Our thoughts are the most powerful tools to keep ourselves grounded and at peace. By simply being mindful, you will learn to understand and unravel all your thoughts, emotions, and desires. Go and set aside some time for yourself to write on your journal to process your feelings for the day. How did you feel about the changes you went through at work or school? What made you happy and grateful today? What do you want to have or become in the future? By simply answering these questions, you will be able to see what makes you tick as a person, and understand what will make you feel positive about yourself.

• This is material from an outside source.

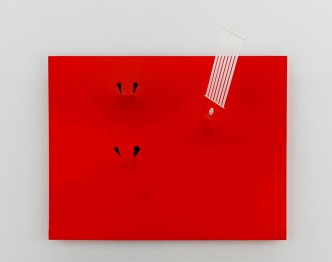 Takis, Magnetic Wall 9 (Red) 1961, Acrylic paint on canvas, magnets, metal, cloth, nylon thread, 180 × 220 × 10 cm, Centre Pompidou, Musée national d’art moderne – Centre de création industrielle, Paris, © ADAGP, Paris and DACS, London 2019, Photo: Georges Meguerditchian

A quick exercise? Try out guided meditation. There are tons of apps that can get you started. Just ten minutes of meditation in the morning can help you tune in.
2. Take care of yourself.
Self-care is a pre-requisite to self-love. With your basic needs taken care of, you will have more time to think what is best for you. People who love themselves exercise, eating great food, and nurture healthy interactions with their loved ones. Make sure to do at least one activity to meet your needs for the day. You can simply do this by going on a ten-minute jog, packing your own lunch, and checking in with your friends and family.
ALSO READ: 40 Ways to Love Yourself
3. Stop comparing.
In today’s world, it is so easy to compare ourselves to other people. You open your phone, see your friend’s travel photos, and instantly feel sorry for yourself. Everyone seems to be living their best loves while you’re on your couch watching their lives unfold through your smartphone’s screen. Sounds sad? That’s because it really is.
When we compare ourselves to others, we open up ourselves to self-deprecating thoughts, which is the very thing we are trying to remove from our life. Stop this cycle of comparison, and focus on your own progress. You are not on the same timeline as other people.
4. Forgive yourself.
We are human and prone to bad decisions. While it is true that we always have to take responsibility for our actions, it is also true that we should be forgiving to ourselves. Mistakes are natural to us, so try not to be too hard on yourself. Mistakes do not mean you have failed. It only means you can try again.
5. Have boundaries.
Setting some boundaries is necessary for loving yourself. There are some things that you think you need to say no to, and that is absolutely okay! Part of this process is understanding what activities, and which relationships are healthy. If you ever find yourself in a situation or relationship that is harmful to you, it’s okay to say “This is enough,” and leave.
People who have no boundaries tend to be abused, both emotionally and physically. By showing people what your limits are, you are teaching them how you would like to be treated as a person. This is true for any relationship, whether it is with colleagues, family, lovers, or friends. If anyone ever crosses your boundaries, do not be afraid to let go of them. Remember that self-love is choosing what is best for you. You do not have to compromise your values if you are not comfortable with the idea.
6. Invest in your growth.
Who doesn’t want to see their loved ones grow as people? As a person who loves yourself, you should also be excited by your own progress. Begin your growth process through introspection. Ask yourself questions like “Where am I today in relation to my goals?” “Who do I want to become in the future” and “What are the steps I should take to grow better?” Try to list your answers on your journal, and use them as guides as you go along. This writing exercise will do wonders for your self-esteem and confidence as well.
7. Live intentionally.
This is probably the single-most important advice I have received in my early 20s. Living intentionally is living with a purpose. Your purpose does not have to be a very complex one in the beginning. You can start with “Living meaningfully” as your sole purpose. Design your life around the things that will make you happy, and you will soon see that you are much closer to loving yourself completely—flaws and all.
Building a habit of self-love is the most useful practice that you will build in your life. It will undoubtedly be difficult, asking you to let go of old habits that do not serve you. You might even have to let go of relationships that are unknowingly making your life harder to live. However, it will also teach you how to be truly happy and a better person. More importantly, it will inadvertently teach you how to love other people, too. Like the very famous drag queen RuPaul says in every episode of his show, “If you can’t love yourself, how in the hell are you going to love somebody else?” Can we get an amen?